Solskjaer Memuji Performa Edinson Cavani

Solskjaer Memuji Performa Edinson Cavani
space
sports

DemenBola – Karena penampilannya di Manchester United baru-baru ini, Ole Gunnar Solskjaer ingin memuji salah satu veteran klub atas proses adaptasinya.

Orang akan berpikir bahwa seorang pemain di tahun-tahun veterannya tidak cukup untuk mengejutkan seorang manajer seperti Ole Gunnar Solskjaer di Manchester United.
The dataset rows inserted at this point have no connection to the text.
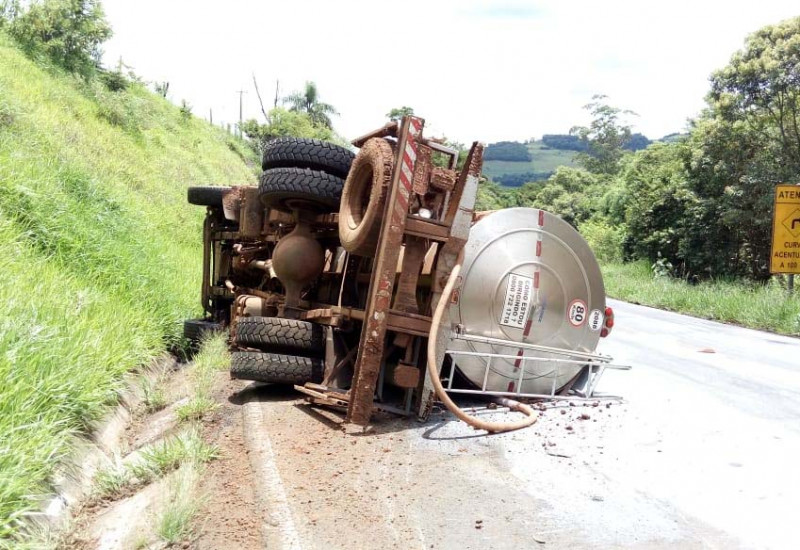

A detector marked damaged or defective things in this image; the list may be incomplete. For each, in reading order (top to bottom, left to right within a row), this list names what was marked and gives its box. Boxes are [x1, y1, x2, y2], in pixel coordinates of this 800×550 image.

overturned tanker truck [186, 118, 620, 434]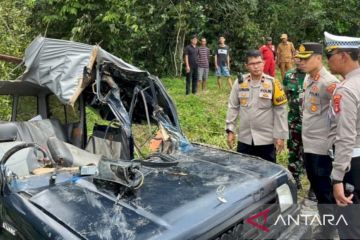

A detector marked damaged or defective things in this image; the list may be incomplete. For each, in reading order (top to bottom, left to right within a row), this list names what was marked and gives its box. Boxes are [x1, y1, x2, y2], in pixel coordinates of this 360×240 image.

severely damaged vehicle [0, 36, 310, 239]
crumpled hood [29, 144, 292, 240]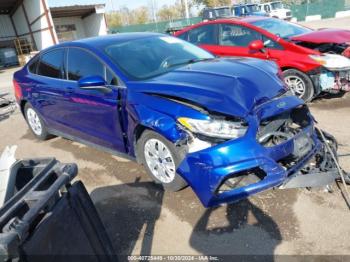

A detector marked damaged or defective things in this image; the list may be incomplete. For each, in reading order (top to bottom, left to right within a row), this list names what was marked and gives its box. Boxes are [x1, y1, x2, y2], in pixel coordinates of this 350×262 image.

damaged blue sedan [13, 33, 342, 207]
broken headlight [176, 117, 247, 140]
crumpled front end [178, 95, 328, 208]
damaged bumper [178, 96, 334, 207]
Trauma yang dialami pendukung United setelah Cristiano Ronaldo meninggalkan klub berlangsung selama bertahun-tahun. Banyak pemain penyerang mencoba untuk mengenakan jersey nomor ‘7’ dengan bangga tetapi tidak satupun dari mereka sesuai dengan tradisi.

Ole Gunnar Solskjaer memiliki perasaan yang baik dengan Edinson Cavani, yang memenuhi standar yang diharapkan terlepas dari usianya.
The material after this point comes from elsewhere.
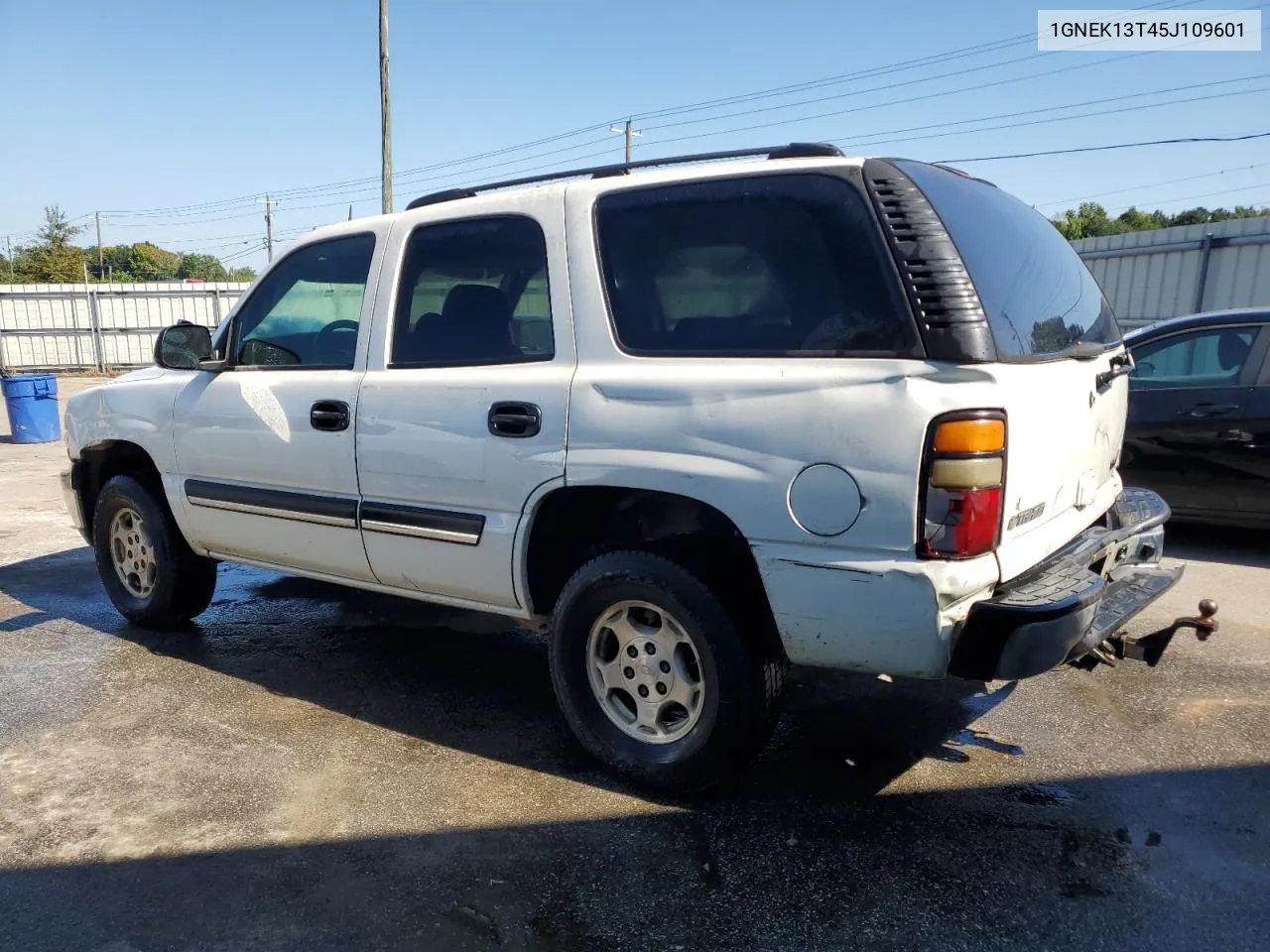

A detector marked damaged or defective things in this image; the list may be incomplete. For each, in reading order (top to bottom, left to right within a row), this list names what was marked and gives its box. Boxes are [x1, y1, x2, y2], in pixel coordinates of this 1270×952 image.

damaged rear bumper [952, 488, 1183, 682]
Faktanya, pemain internasional Uruguay adalah bagian dari generasi baru pemain veteran yang sangat memperhatikan umur panjang mereka.

BACA JUGA: Ronald Koeman Buka Suara Terkait Keuangan Barcelona

Di sampingnya, kami memiliki bintang-bintang besar lainnya seperti Robert Lewandowski, Zlatan Ibrahimovic, dan Cristiano Ronaldo. Semua nama ini masih berada di antara pemain top di dunia sepakbola meski usia mereka sudah lanjut.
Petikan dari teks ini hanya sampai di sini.